"""

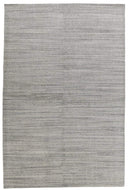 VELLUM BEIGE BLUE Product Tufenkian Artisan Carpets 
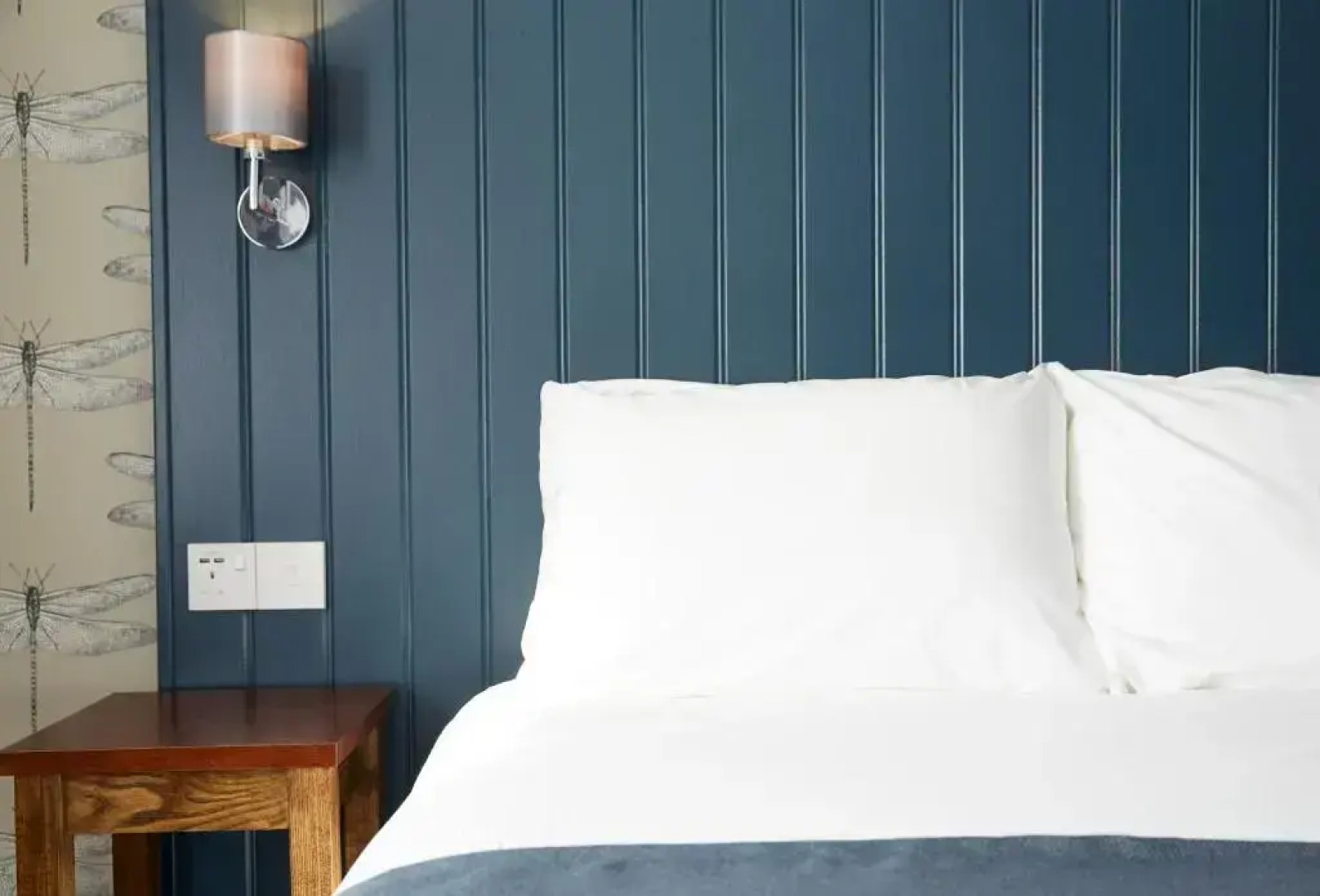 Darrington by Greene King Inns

"""
"""

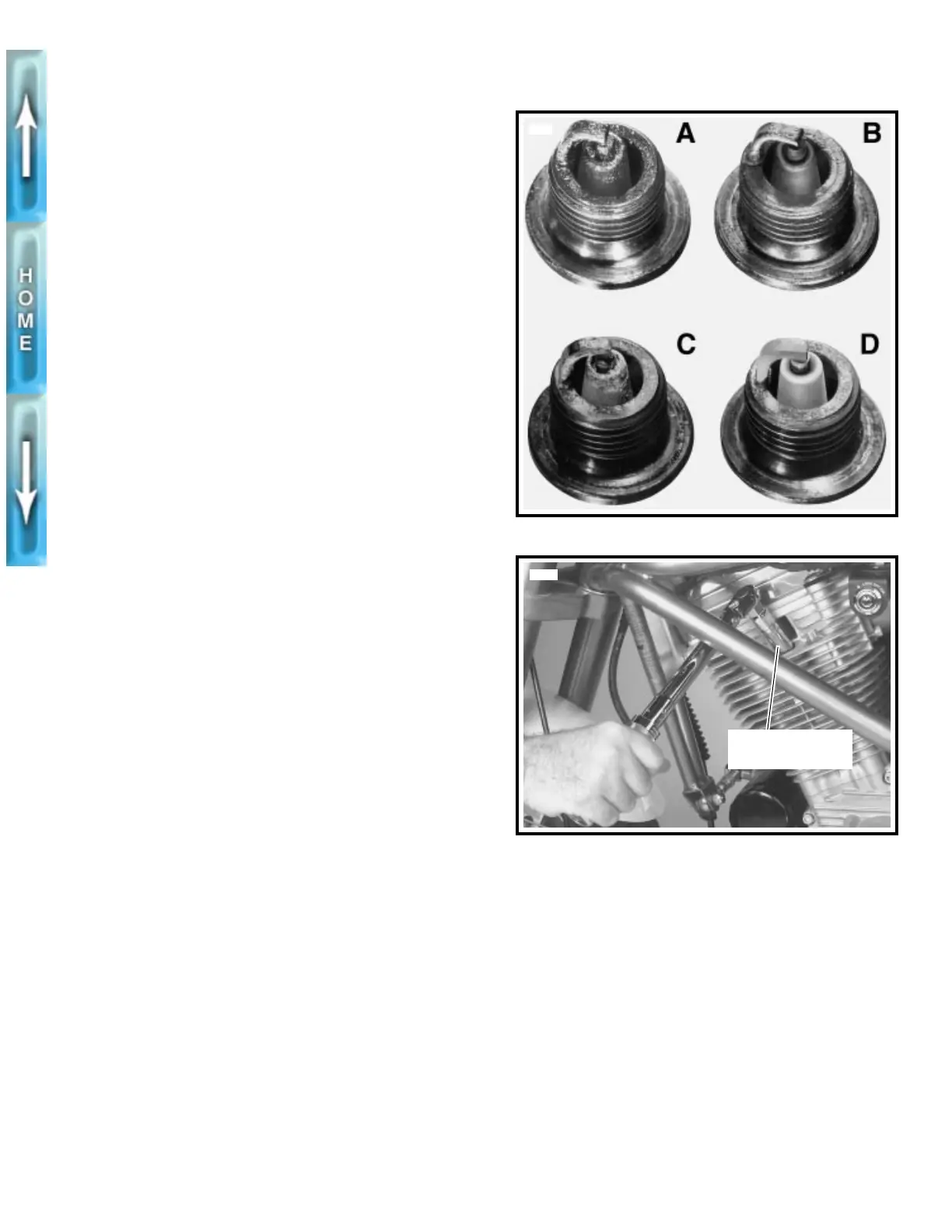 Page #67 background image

"""

Task prompt
Print, exactly and with no pictures, the lines of the listing above starting at the one that has "VELLUM BEIGE BLUE" and ending at the one that has "Darrington by Greene King Inns", both included.

Your solution
 VELLUM BEIGE BLUE Product Tufenkian Artisan Carpets 
 Darrington by Greene King Inns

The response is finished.